Exercise brief
What's wanted here is the full listing below, repeated exactly, with no images in it.

Dataset extract
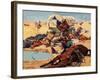 Cowboys and Indians-Stanley L. Wood-Framed Giclee Print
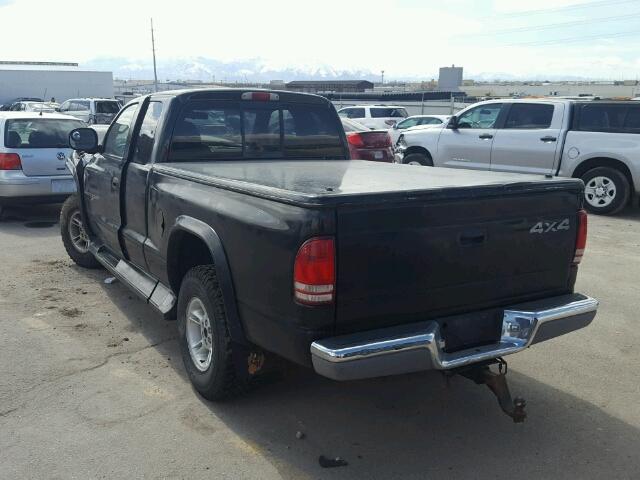 1B7GG22N1YS536891 - 2000 DODGE DAKOTA BLACK photo 3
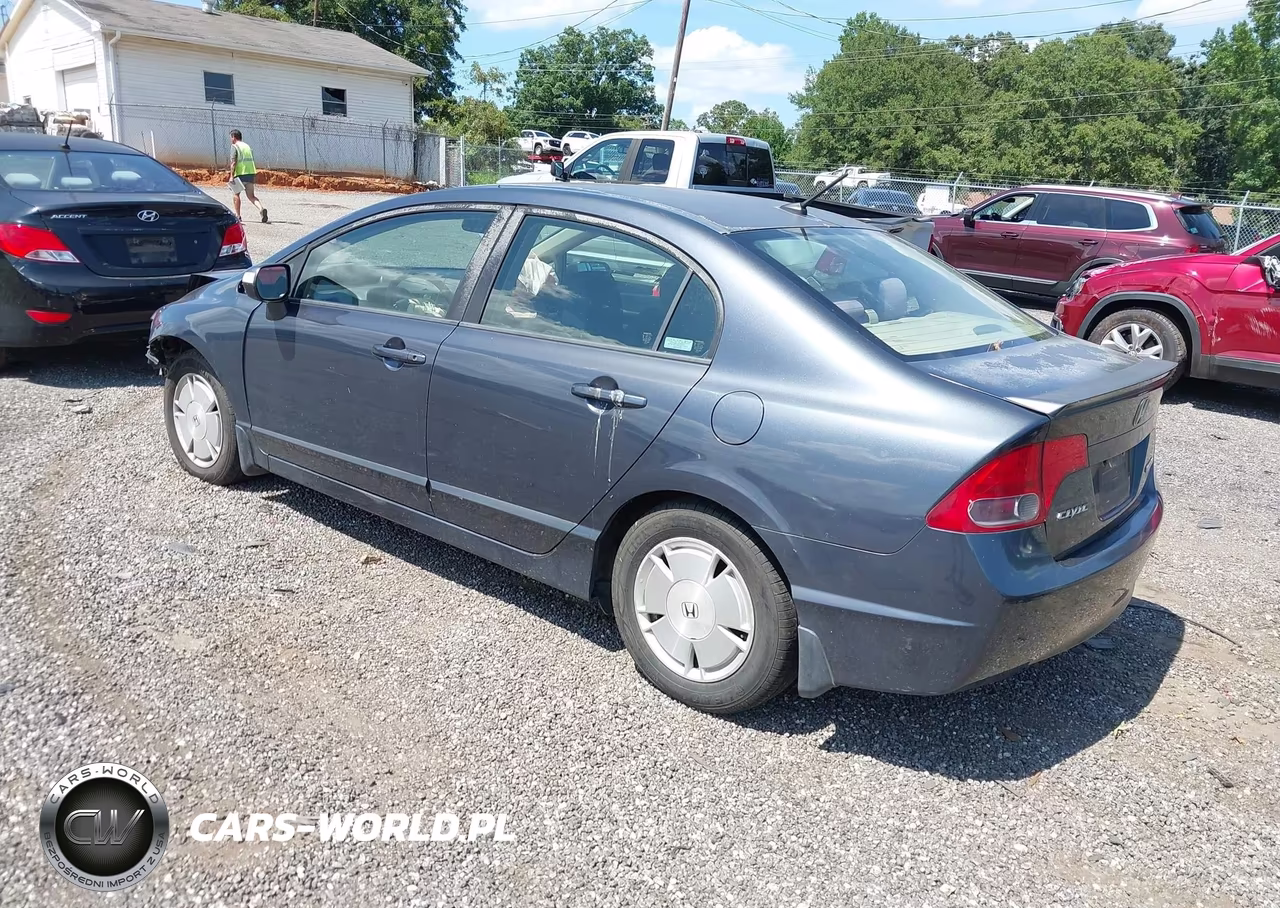 2008 Honda Civic Hybrid VIN:JHMFA36248S016413 - 3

Response to this task
 Cowboys and Indians-Stanley L. Wood-Framed Giclee Print
 1B7GG22N1YS536891 - 2000 DODGE DAKOTA BLACK photo 3
 2008 Honda Civic Hybrid VIN:JHMFA36248S016413 - 3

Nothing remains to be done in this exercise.